This Christmas story begins with Labor Day, and a still-sweltering Georgia afternoon. I’m mopping up a puddle of baked beans with the last few bites of my hamburger. At the other end of the table is my mother-in-law, Barb, staring over her eyeglasses, her pen poised above a hardback spiral notebook. “What do we want to eat for Christmas?” she asks. Sitting beside her, my father-in-law tut-tuts that maybe this can wait. But she persists, “I’d rather figure it out now, while everyone’s here.”
Planning is her lifeblood. Phooey on floating through life with the sail down—it is full steam ahead to the next event. And for Barb, it’s not just family occasions. Her powers are used for the good at weddings, baby showers, memorial services, trips with friends, and events at church. She’ll paint sets for our local theatre, and come out of retirement the fourth year in a row to do snacks at VBS.
When Christmas morning finally arrives, our electric griddle sizzles with the sound of happy sausages. Two pairs of feet pound up the tall wooden staircase to the front door, and our kids run to open it. My in-laws arrive for fruit salad and reindeer-shaped pancakes, but instead of filling her plate, Barb sidles up to the sink to wash what was dirtied in the making of this breakfast.
In the afternoon we reconvene at my in-laws’, and the dining room table runneth over with serving plates of ham, sweet potatoes, baked potato casserole, corn, broccoli casserole, applesauce, pistachio pudding, a tossed salad, dinner rolls, and a vegetable tray with homemade dip. I have to calculate the circumference of my plate and subtract three items to keep my food from dripping on to the tablecloth. Barb has yet to sit down; she’s busing the casseroles off the table to make room for assorted dishes of pineapple rings, pickles, black olives, mayonnaise, and mustard. When I lift the first bite of ham to my lips, she asks, “John, are you ready for seconds?”

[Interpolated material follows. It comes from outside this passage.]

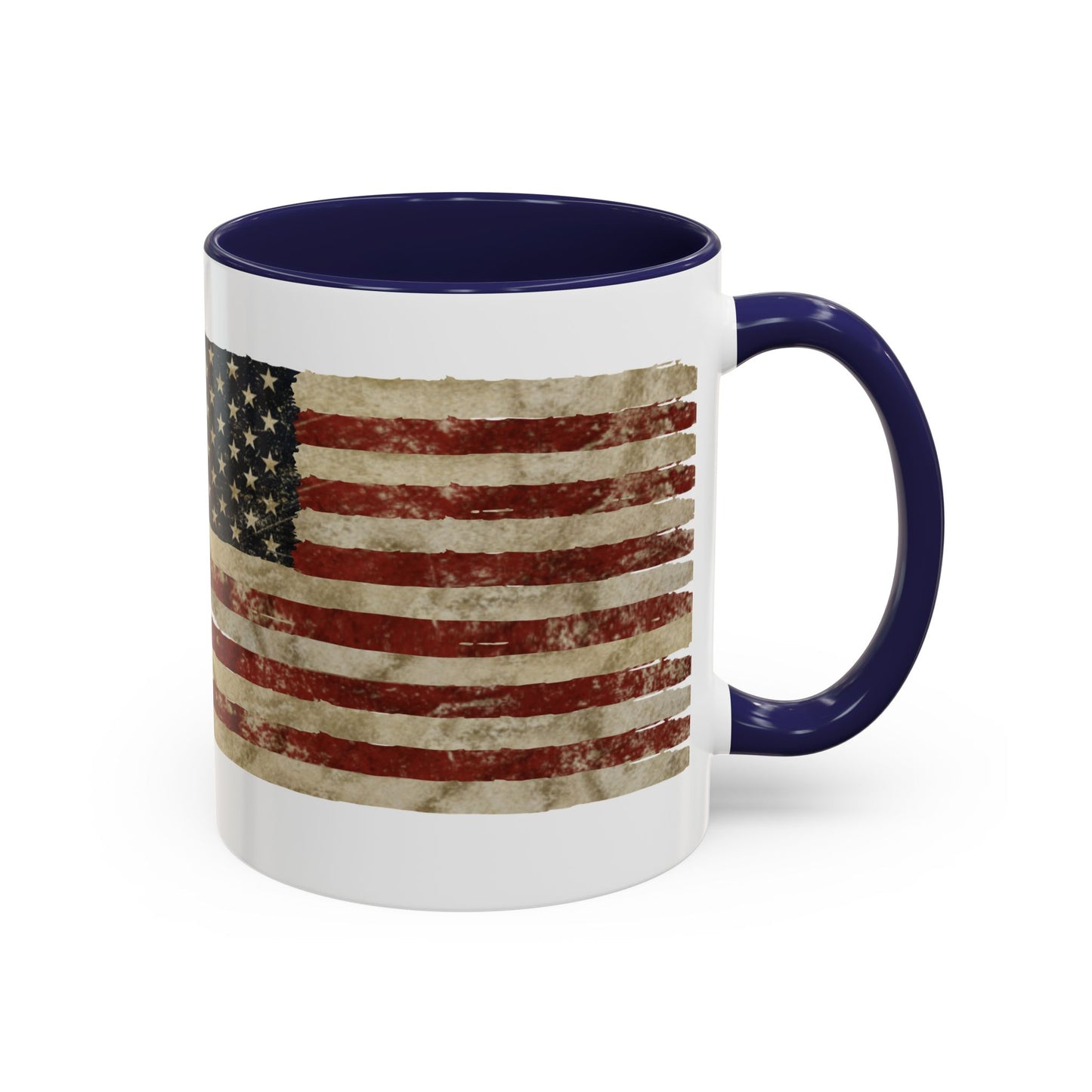 Distressed American Flag Accent Coffee Mug — Patriotic 11/15oz Ceramic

Twenty years on, she still hasn’t changed. At the beginning it felt like so much fuss, the countless weeks invested in these events, informal as they often were. But with Barb, no one is forgotten. She’s never late with happy birthday, congratulations, or her deepest sympathy. Consideration for our care and comfort is her premium quality. So even as I cajole her to take a seat and enjoy this Christmas, I know she’s reveling in us and celebrating in her own way. Brimming over with love—and leftovers.